Provided data =>

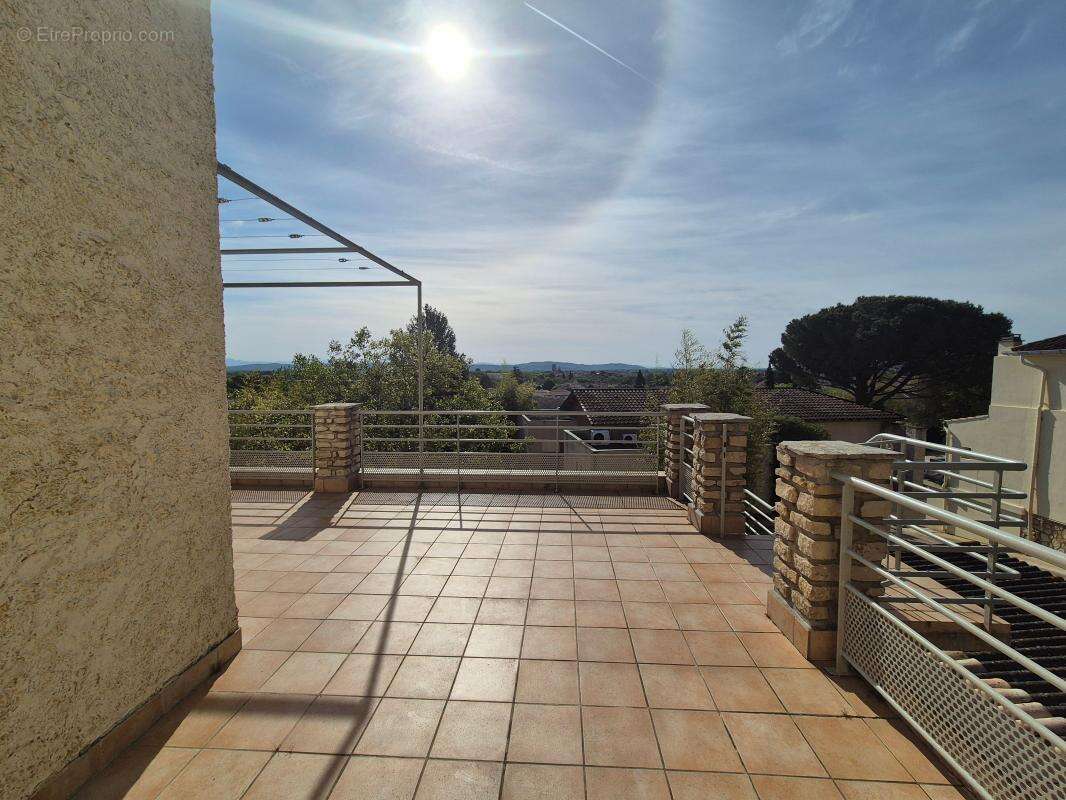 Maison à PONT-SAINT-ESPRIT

* * *

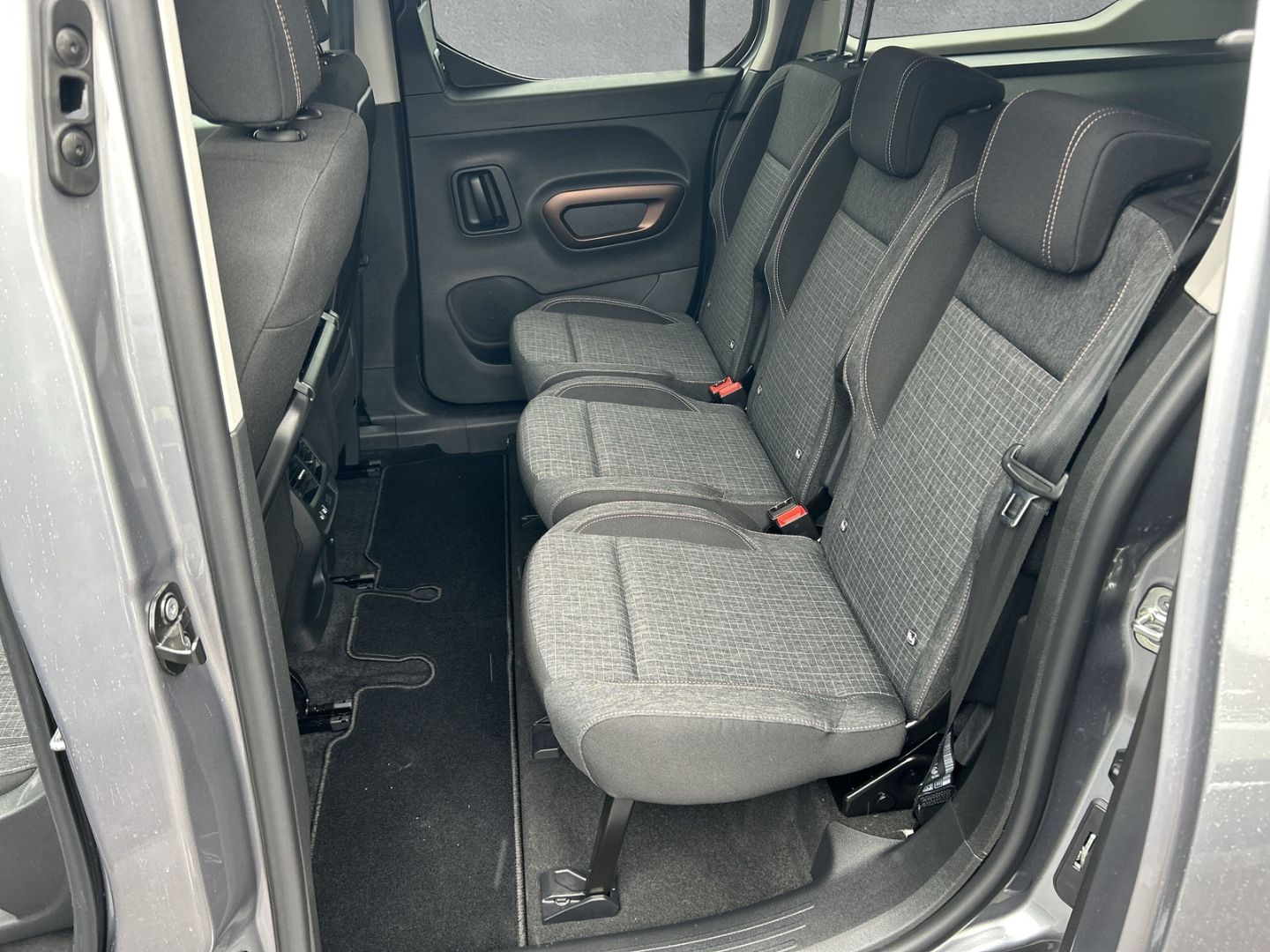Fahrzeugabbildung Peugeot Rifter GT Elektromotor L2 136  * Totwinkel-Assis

--

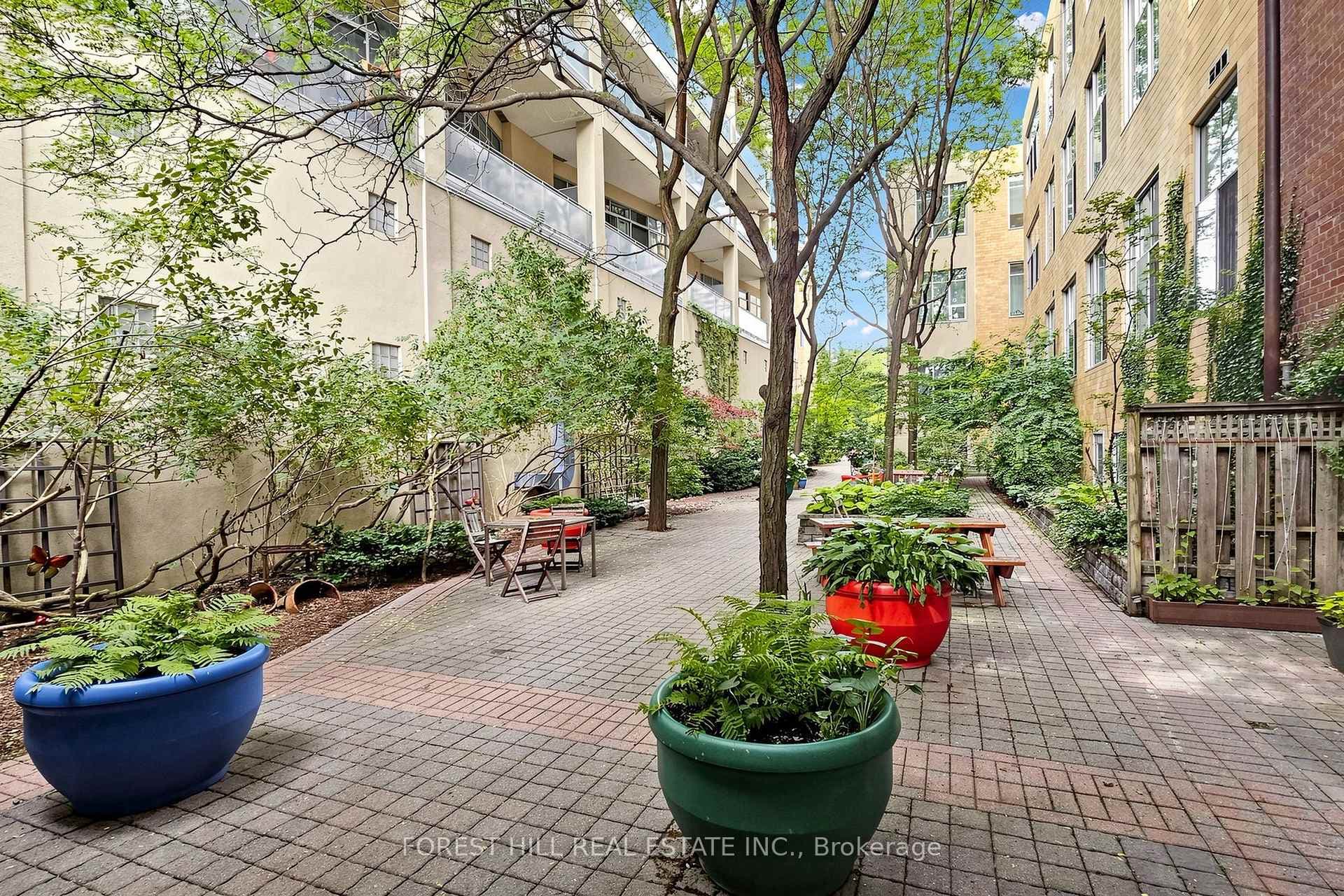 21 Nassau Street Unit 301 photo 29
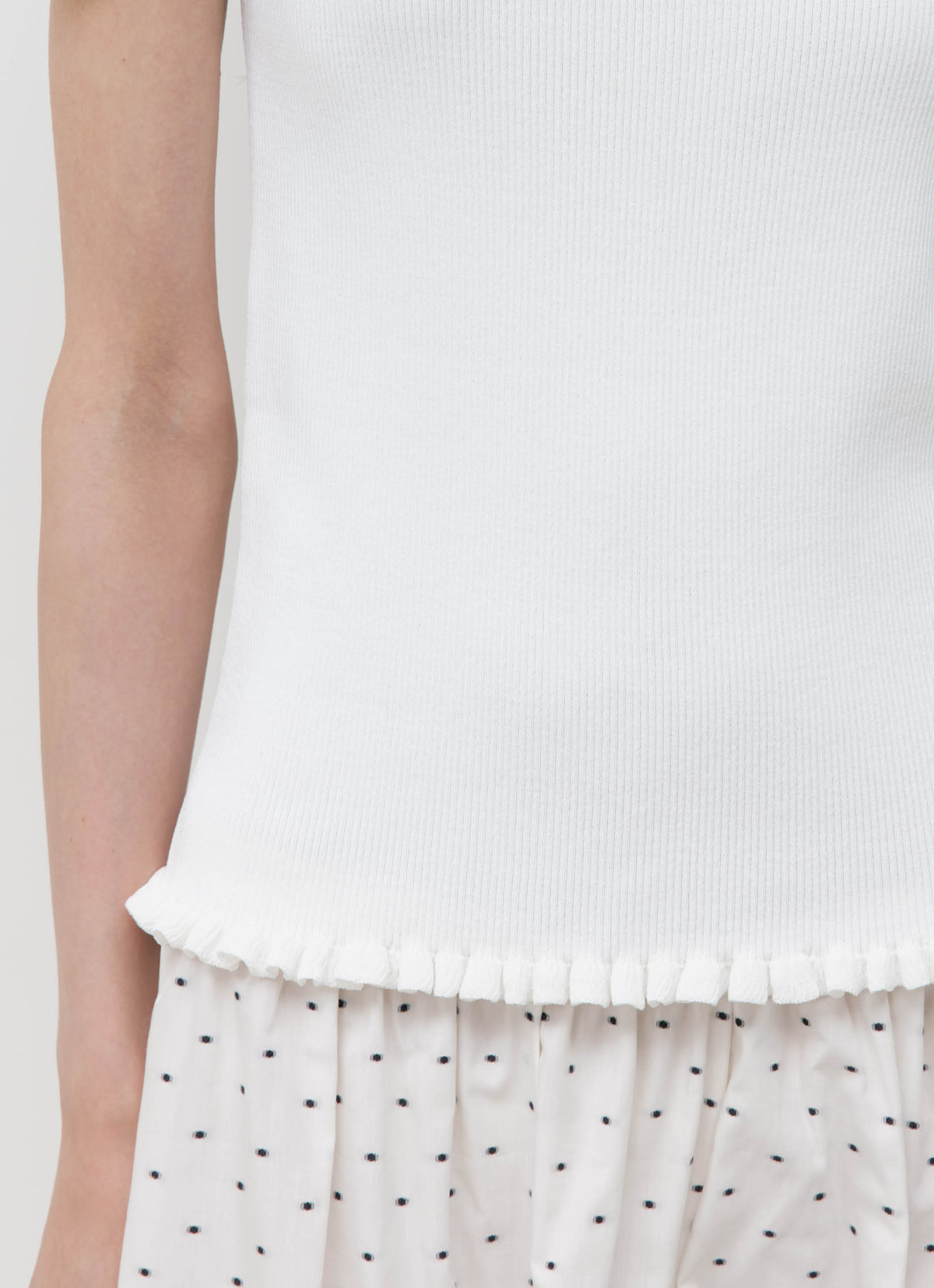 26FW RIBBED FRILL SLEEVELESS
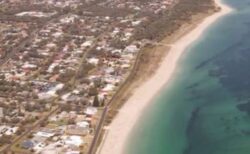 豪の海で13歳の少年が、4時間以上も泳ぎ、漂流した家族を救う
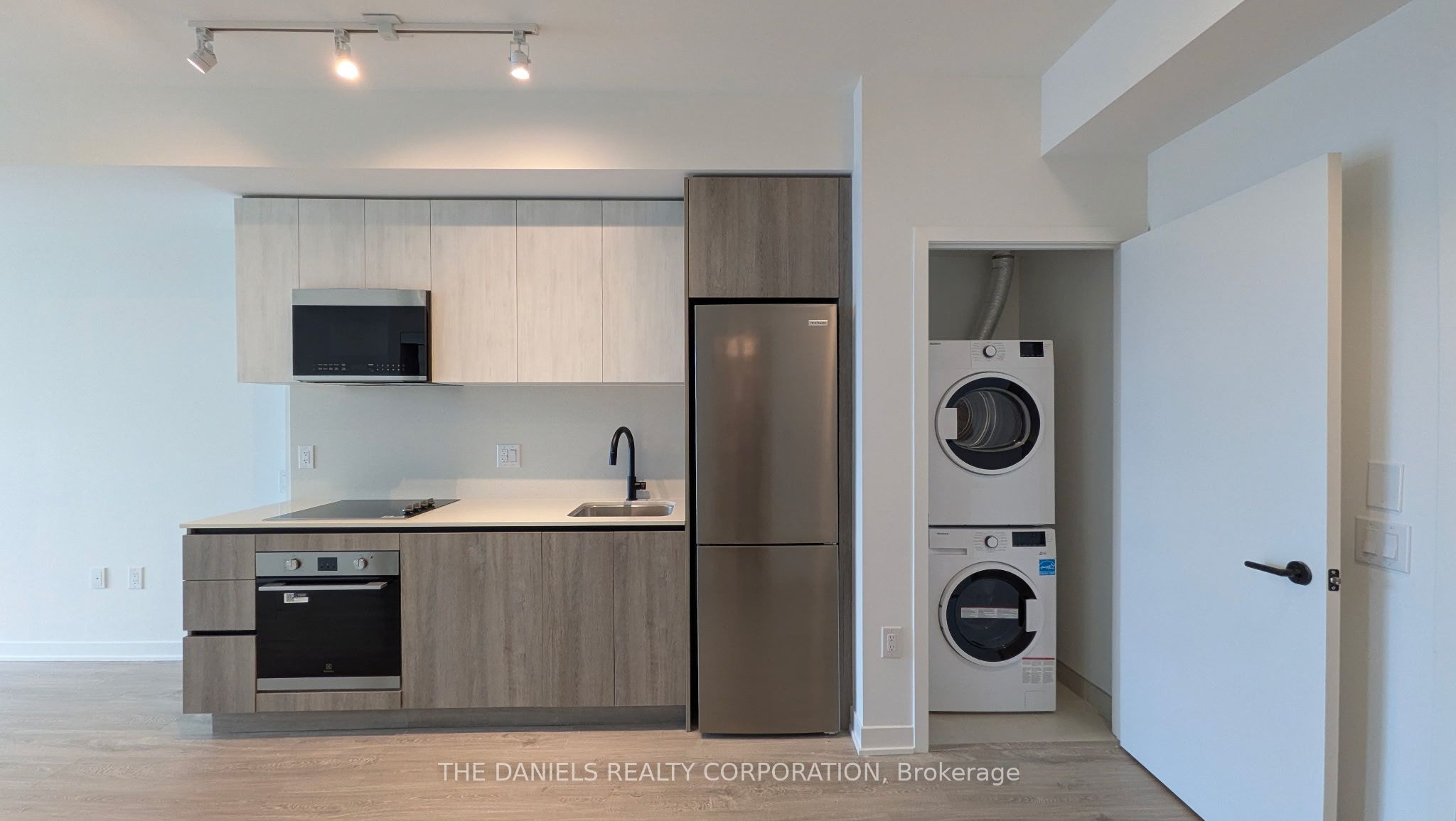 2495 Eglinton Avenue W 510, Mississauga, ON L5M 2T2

What you need to do => The answer is the lines of the material above, from the one containing "豪の海で13歳の少年が、4時間以上も泳ぎ、漂流した家族を救う" down to the one containing "2495 Eglinton Avenue", given exactly and without images.

Exercise response =>
 豪の海で13歳の少年が、4時間以上も泳ぎ、漂流した家族を救う
 2495 Eglinton Avenue W 510, Mississauga, ON L5M 2T2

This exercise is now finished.